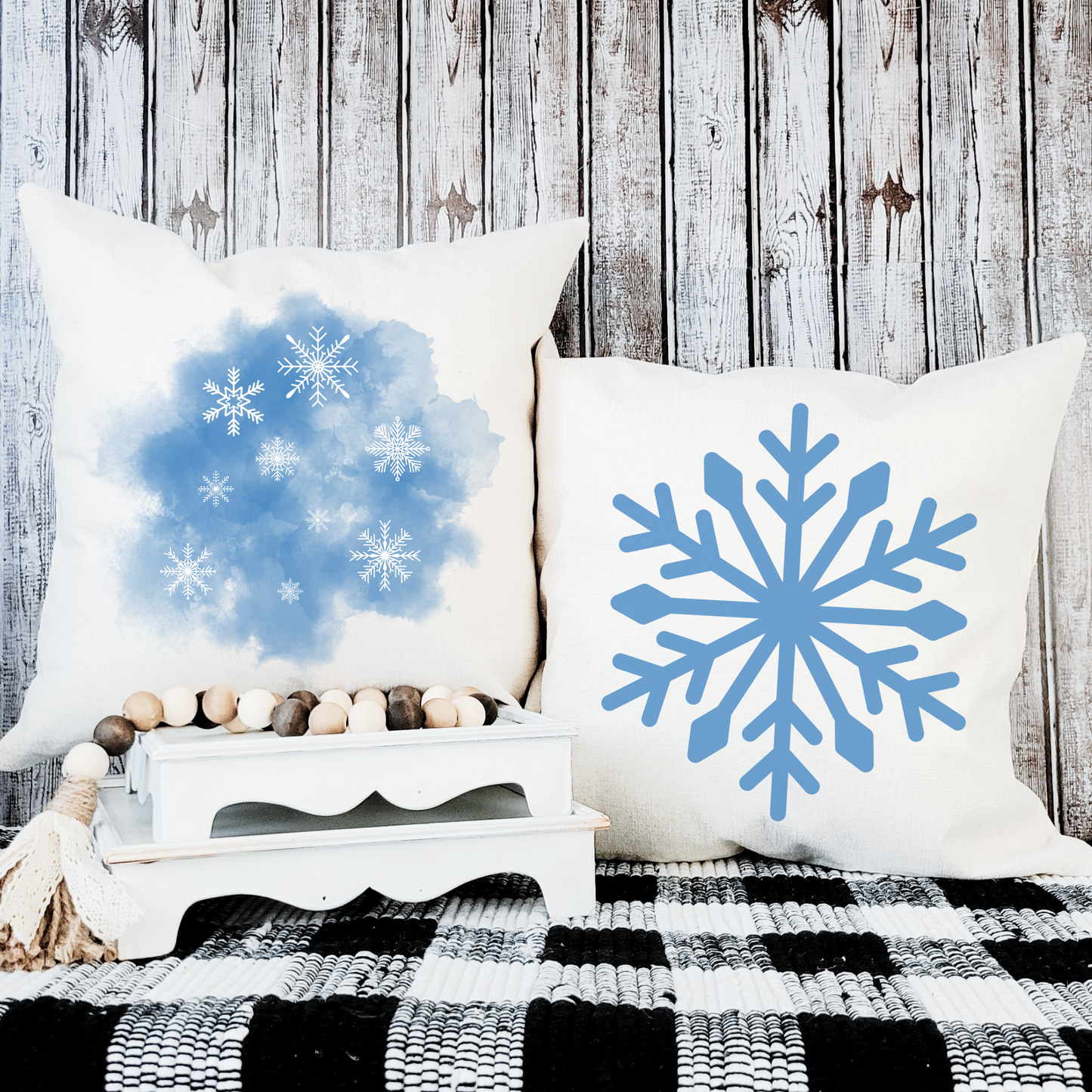 Snowflakes with Blue Pillow Cover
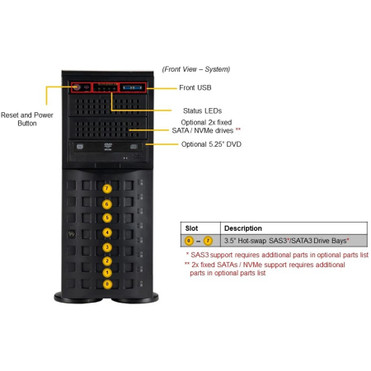Supermicro SuperServer 740P-TR Server Barebone System - 4U Tower - Socket LGA-4189 - 2 x Processor Support - Intel C621A Chip - 4 TB - (SYS-740P-TR)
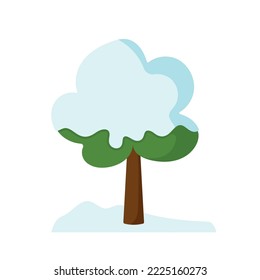 Hand Drawn winter tree with snow in green flat vector design illustration for clip art for garden park and forest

⁂

WHAT YOU SHOULD DO:
All that is needed is the lines from the line holding "Supermicro SuperServer 740P-TR" to the final line of the listing above, repeated exactly, pictures excluded.

ANSWER SPACE:
Supermicro SuperServer 740P-TR Server Barebone System - 4U Tower - Socket LGA-4189 - 2 x Processor Support - Intel C621A Chip - 4 TB - (SYS-740P-TR)
 Hand Drawn winter tree with snow in green flat vector design illustration for clip art for garden park and forest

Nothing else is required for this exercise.